Electric Cars Could Drive West Midlands Property (But Not Very Far)
How quickly things change. Only a few weeks ago the UK car industry appeared to be on its knees, with Ford announcing plans to close their Bridgend plant, Honda pulling out of Swindon and JLR cutting 4,500 jobs worldwide, most in the UK.
Suddenly everything has changed as JLR announces plans to invest heavily in electric car production at Castle Bromwich. BMW are also investing in electric vehicles, backing the new electric Mini to be built in Oxford.
Does this mean the good times continue to roll for the West Midlands’ auto-related property sector?
It has been an awful few months for the UK auto sector, and it came after an even more awful 2018.
The Ford and Honda closures came as investment in the UK car sector plunged by 46.5% to £588.6M from £1.1B in 2017.
Data from the Society of Motor Manufacturers and Traders showed production fell 9.1% to 1.52 million vehicles, with output for the UK down 16.3%, and export production down 7.3%.
Against this background, the announcement that troubled JLR had not abandoned its Midlands base, but instead intended to invest in electric car production at Castle Bromwich, felt like doubly good news.
JLR said the decision will secure the jobs of 2,700 workers at the plant.
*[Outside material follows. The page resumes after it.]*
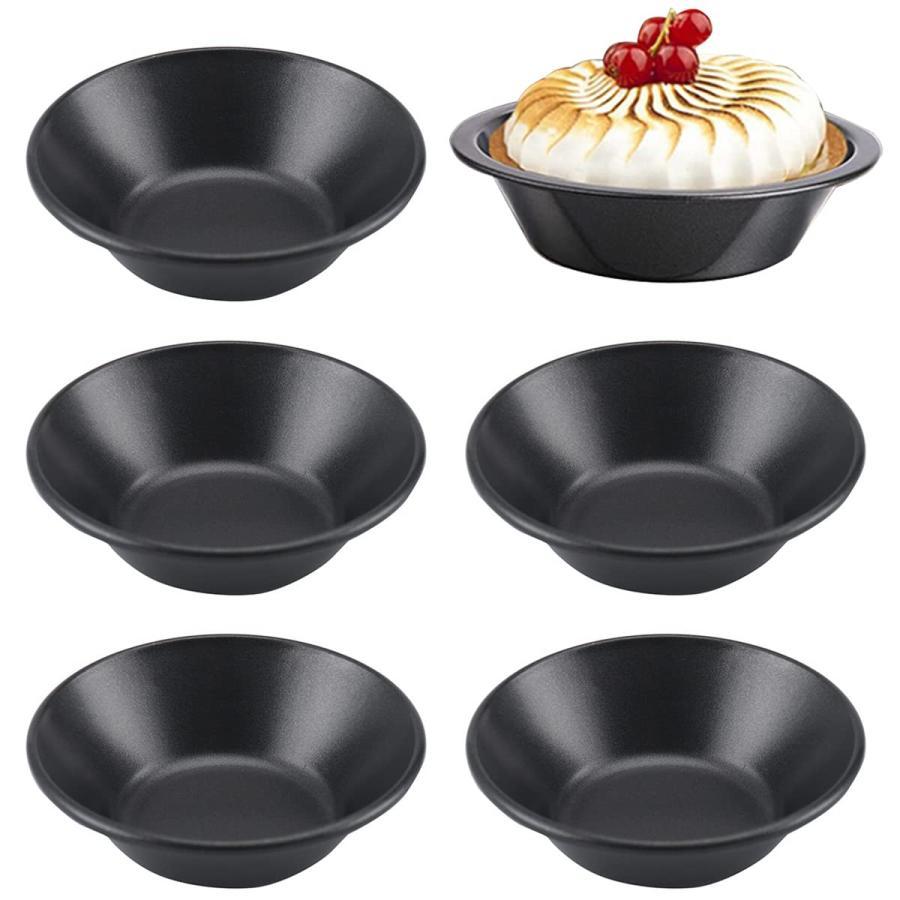 エッグタルト型 ミニ 金型 卵タルト ミニタルト型8cm ミニタルト型 丸 タルト型 丸 マフィンケーキ型 ..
Exactly what it will do and when is not clear. JLR hasn't revealed when it will launch the battery version of the Jaguar XJ. This week's announcement of a £500M government loan to help develop technology adds to the sense that, despite the lack of detail, something serious is underway.
"There are a significant number of tier one, two and three suppliers to JLR in the region, so its business supports many others,” Cushman & Wakefield partner Simon Lloyd said. “There is great importance to JLR investing further in the region. It has already invested significant sums, which is reflected in the number of suppliers and the investments that they have made. It had been clear for some time that JLR needed to invest in this technology to remain competitive, and having a solution to that issue is very helpful for confidence.”
Lloyd is convinced new contracts from JLR means new buildings for developers to provide, but warns that the overall growth in the electric vehicle market must be supported by a significant improvement in the infrastructure, such as sufficient charging points, and power generation.
Lloyd's upbeat tone is widely shared, along with an undoubted sense of relief.
“JLR’s investment decision is a major vote of confidence in the region and the UK as a whole, as well as a commitment which will secure several thousands of jobs,” BNP Paribas Real Estate Head of Midlands Simon Robinson said.
Developers are already eyeing-up the potential. St Modwen worked with first tier automotive supplier Grupo Antolin to deliver a 113K SF unit to support their work providing interior trim systems and components to clients including JLR. St Modwen has established a dedicated team to work with the auto sector on more deals.
“Whilst it may take some time for the benefits to be felt by the property industry, there will be a positive knock-on effect with the car giant’s suppliers needing to be able to upscale in order to manufacture and deliver parts, carry out research and development, store and transport vehicles.
“We recently established a dedicated industrial and logistics business unit in recognition of the opportunity UK-wide, but the Midlands is a brilliant example of how a particular sector can drive forward growth.”
“We are fielding some demand from the electric vehicle sector, some component makers, but it's mostly manufacturers like JLR who took a 400K SF Prologis unit earlier this year for battery assembly,” Avison Young principal David Wilmer said.
“We’ve not yet seen much activity from suppliers, although there are a couple of requirements and some more floating around of about 100K SF each. So substantial enquiries, just not many of them.
“JLR’s moves, combined with BWM’s investment in electric Minis at Oxford, will be significant, but we need to watch how much is manufactured overseas. We also need to be careful not to assume this means a massive long-term increase in demand. I guess many component makers will just reconfigure their floorspace to suit electrical vehicles, and there may be no net increase in floorspace overall.”
Electric car production will not begin in earnest until (perhaps) the middle of the next decade. But with car makers now tooling up, the pace of change is sure to quicken. And with it a new, more sustainable, if not necessarily much larger, auto-sector property market.